Material provided -

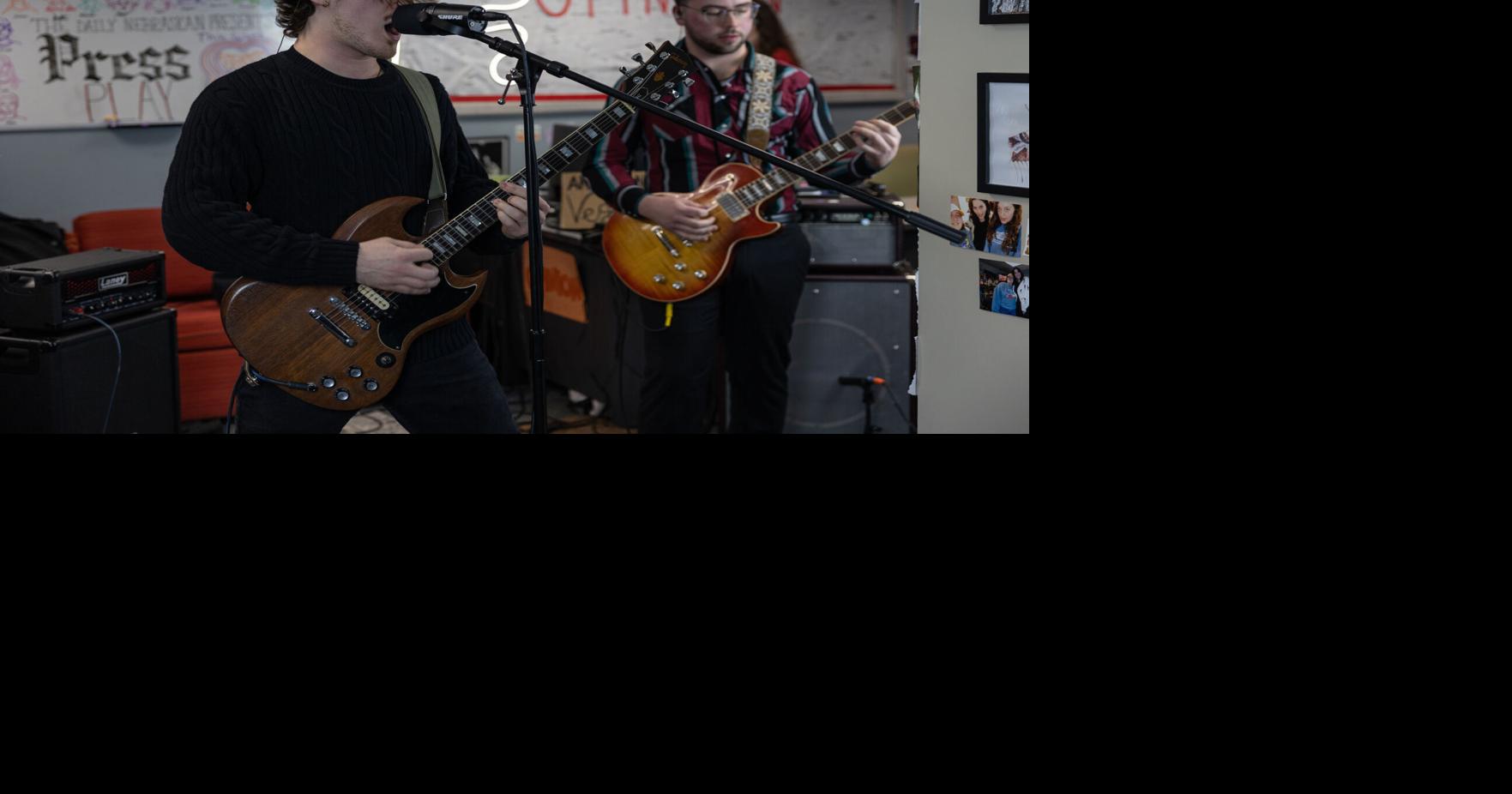 GALLERY: Everybody's Friend on Press Play | Culture | dailynebraskan.com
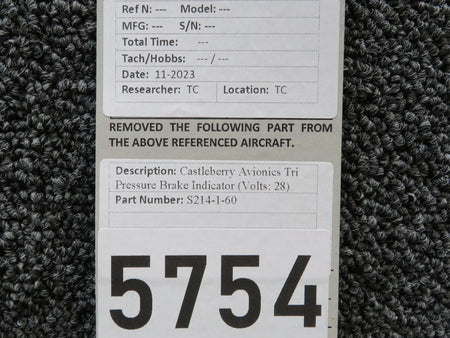 Castleberry S214-1-60 Castleberry Avionics Tri Pressure Brake Indicator (Volts: 28)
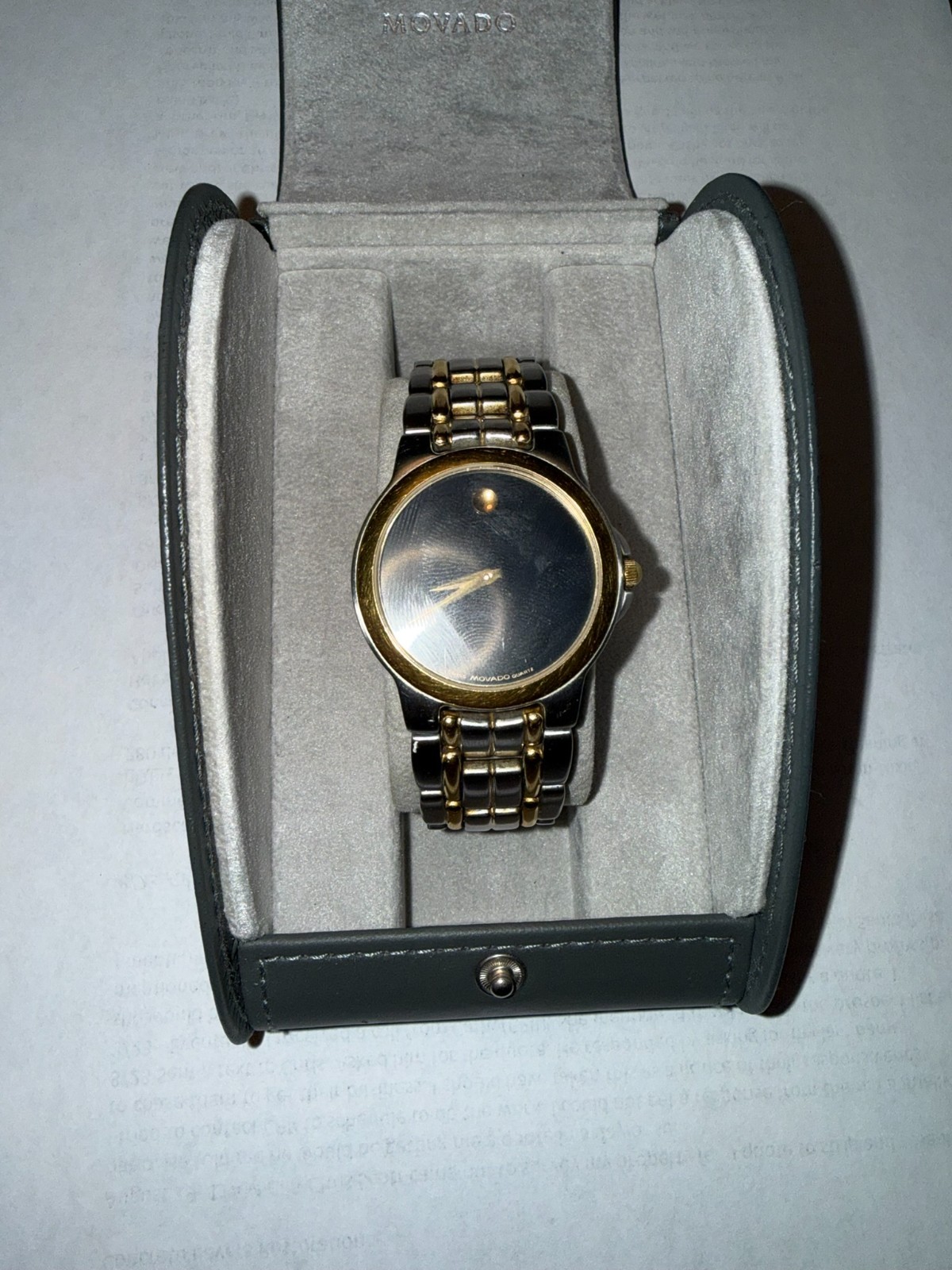 MOVADO MUSEUM 81 E4 9885 TWO TONE BLACK DIAL QUARTZ 34MM WRIST WATCH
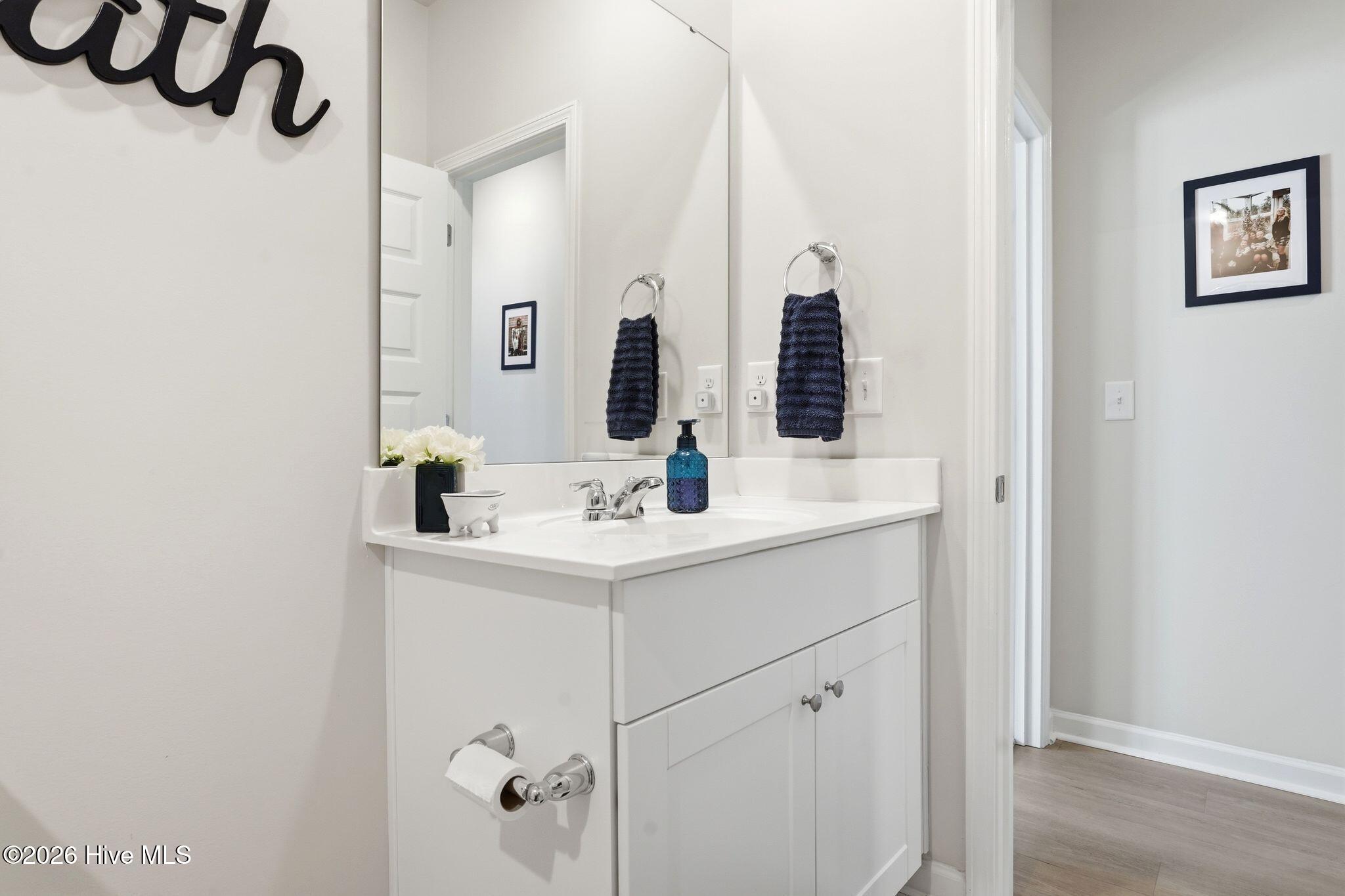 100560764 | Photo 27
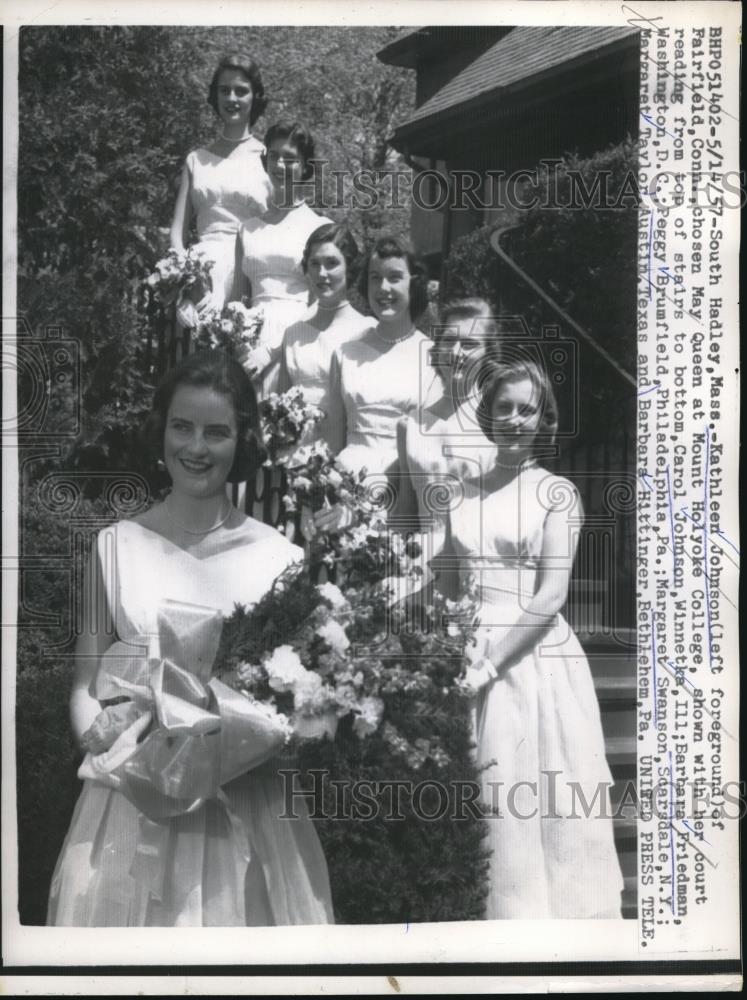 1957 Press Photo May Queen at Mount Holyoke College and her Court - Historic Images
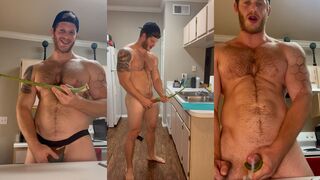 Verbal Otter Fingers And Fucks An Aloe Leaf Till He Cums – EroticAlways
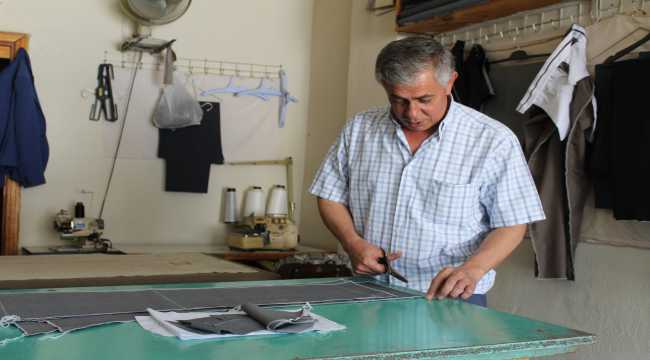 Terzi İbrahim usta 45 yıldır mesleğini sürdürüyor
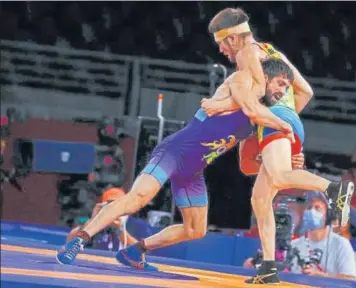  ?? RE ?? India’s Ravi Dahiya (left) throws Nurislam Sanayev of Kazakhstan out of the mat during the 57kg semi-final on Wednesday.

Try it -
Would you please copy the listing exactly, omitting every picture?

Result below -
 GALLERY: Everybody's Friend on Press Play | Culture | dailynebraskan.com
 Castleberry S214-1-60 Castleberry Avionics Tri Pressure Brake Indicator (Volts: 28)
 MOVADO MUSEUM 81 E4 9885 TWO TONE BLACK DIAL QUARTZ 34MM WRIST WATCH
 100560764 | Photo 27
 1957 Press Photo May Queen at Mount Holyoke College and her Court - Historic Images
 Verbal Otter Fingers And Fucks An Aloe Leaf Till He Cums – EroticAlways
 Terzi İbrahim usta 45 yıldır mesleğini sürdürüyor
  ?? RE ?? India’s Ravi Dahiya (left) throws Nurislam Sanayev of Kazakhstan out of the mat during the 57kg semi-final on Wednesday.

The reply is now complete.